Originally Posted by HowlerKarma
Originally Posted by intparent
I find their splitting of the intro CS classes up especially interesting. My D hadn't coded much at all before college, and it was great for her to have an intro course where she wasn't trampled by kids who had been loading Linux on their machines at age 11. And after the first semester, the tracks merge and she has done fine in her CS courses.


My DD had the same experience in her CS major-- the real problem was that there was such incredible hostility from fellow (98% male) students-- and from first year faculty advisors, who were also male and dismissive of anything resembling "well-rounded" interests.

In fact, the two different advising specialists that she saw openly SCOFFED at her interests outside of engineering/CS. She was treated like a space alien in her CS and engineering courses-- a highly desirable one, to be sure, being a Real Live Girl and all-- but it was lonely and marginalizing.

It was such a huge turn-off that my DD just couldn't take anymore of it and bailed on the major.
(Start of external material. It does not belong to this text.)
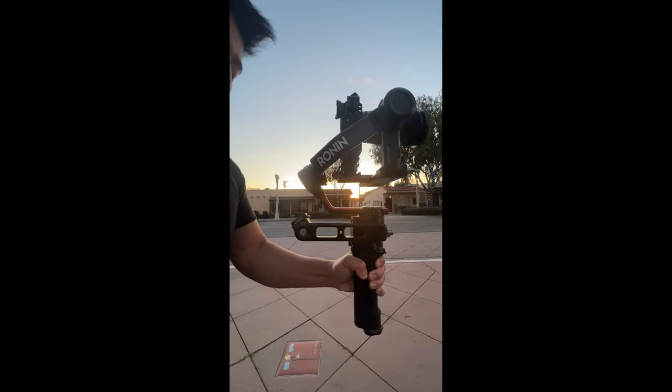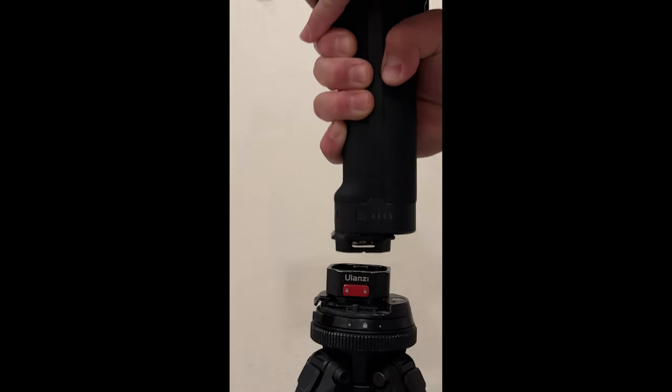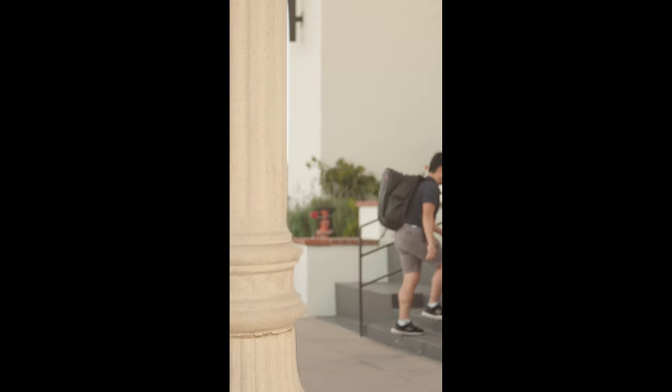This allows me to go under slug mode very quickly, and if I'm feeling creative, I can attach my gimbal to my tripod and film myself doing a mass transition using the DJI Ravenhine.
She looked around and realized that if that was who she was going to be spending all of her time with-- no thanks.
This is so disheartening. I was pleased as punch to find out a classmate of DS's was going to on of Intel's 'Girls Who Code" summer program this summer. It really sounds like a great program. There are a number of groups in the Bay Area that are really trying to get women back into coding. I say back into because my first programming class back in college wasn't exactly 50/50 between the sexes but it was WAY better than 2% you describe. Although being one of the few women in a class never turned me off. It seems that programming has become MORE sexist of late.

And I do know many universities are taking this problem of women not being very well represented in computer science a big problem. Part of the issue is women aren't even applying to their programs. Our local university girls in CS has been running Coding workshops for 12-18 year old's for example. I keep thinking this is something I'd like to get involved in.